Does it seem likely that Musk, a well practised provocateur and self-described “free speech absolutist”, would meekly submit to a parliamentary committee? Or is it more likely, given his stubborn, unpredictable and combative nature, not to mention a net worth of $222 billion, that he would seize every opportunity to defy, frustrate and expose the committee as a paper tiger, all in defence of freedom of speech?
Musk also lives primarily in Texas, so he is not even in Parliament’s jurisdiction to be served with a summons in the first place: this was a problem faced by the Business, Innovation and Skills Committee in 2010/11 when the Chairman and CEO of Kraft Foods, Irene Rosenfeld, refused to travel to the United Kingdom to answer questions about the company’s takeover of Cadbury’s. Angry MPs discussed the idea of a subpoena but it was not found to be workable.

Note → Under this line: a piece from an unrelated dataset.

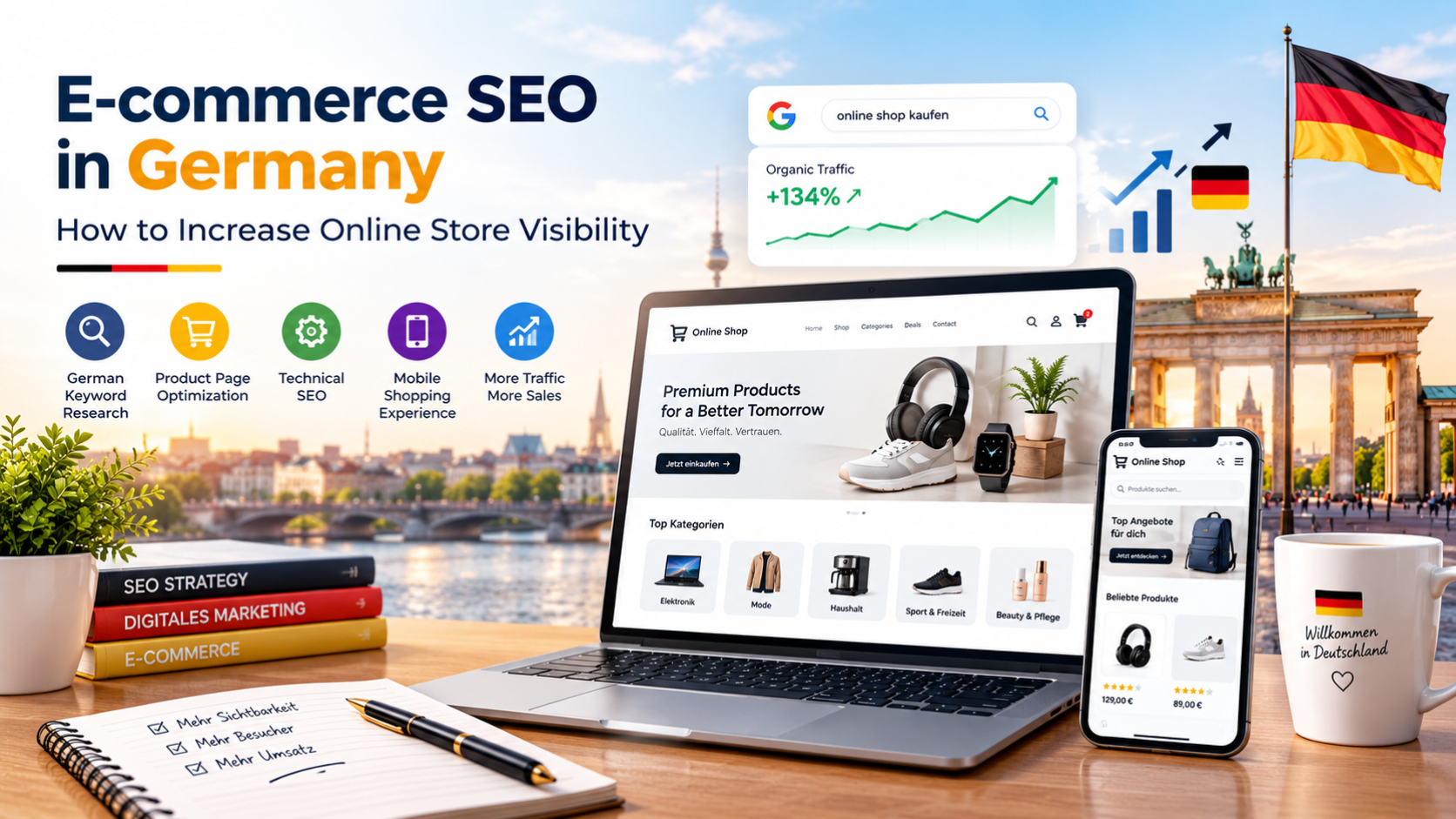 E-commerce SEO in Germany: How to Increase Online Store Visibility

The House of Commons Committee of Privileges published a report on select committees and contempts in April 2021 and laid out several options for reform. No action has yet been taken, however. The situation remains, therefore, that the exact limits of a committee’s powers are still not wholly tested nor clear, and that ambiguity can be a useful tool in negotiating with reluctant witnesses. I have had to engage in these kinds of delicate exchanges more than once—one chairman waved me away with a cheery “The future of the select committee system is in your hands!”—but the balance of probability is that to test PPR powers to their ultimate limit would result in a defeat for Parliament. Musk is arguably the wrong opponent and this is certainly the wrong ground on which a committee should fight him. Perhaps Butler and Onwurah will reflect over the summer adjournment and seek alternative methods of scrutiny.
È finita la commedia
I hope this has been useful in highlighting briefly some of the stories which were elbowed aside by the headlines over the past week. I have a feeling some or all of them may return.
It is known as “Short Money” because the system was introduced in 1975 by the Leader of the House of Commons, Edward Short, later Lord Glenamara.

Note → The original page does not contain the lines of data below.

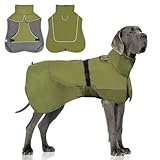 WUFANC Hundemantel Wasserdicht - Reflektierende Hundejacke mit Verstellbarem Verschluss für alle...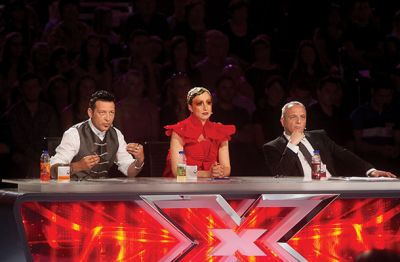 Žirija X Factorja: Aleš Uranjek, Jadranka Juras in Damjan Damjanovič 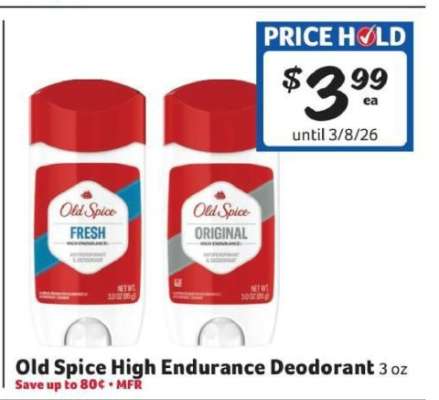 Old Spice High Endurance Deodorant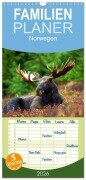 Cover-Bild zum Titel 'Familienplaner 2026 - Norwegen mit 5 Spalten (Wandkalender, 21 x 45 cm) CALVENDO' von 'Elisabeth Stanzer'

Or the aphorism oft attributed to George Bernard Shaw: "Never wrestle with a pig. You both get filthy and the pig enjoys it."
"As a group of five MPs, they would be as large as Reform UK and the DUP, and larger than the Green Party, Plaid Cymru and the four smaller Northern Ireland Unionist parties, a fact of which they are fully aware."
I think you mean "two smaller Northern Ireland Unionist parties" i.e. the UUP and TUV or "four smaller Northern Ireland parties" i.e. SDLP, Alliance, UUP and TUV.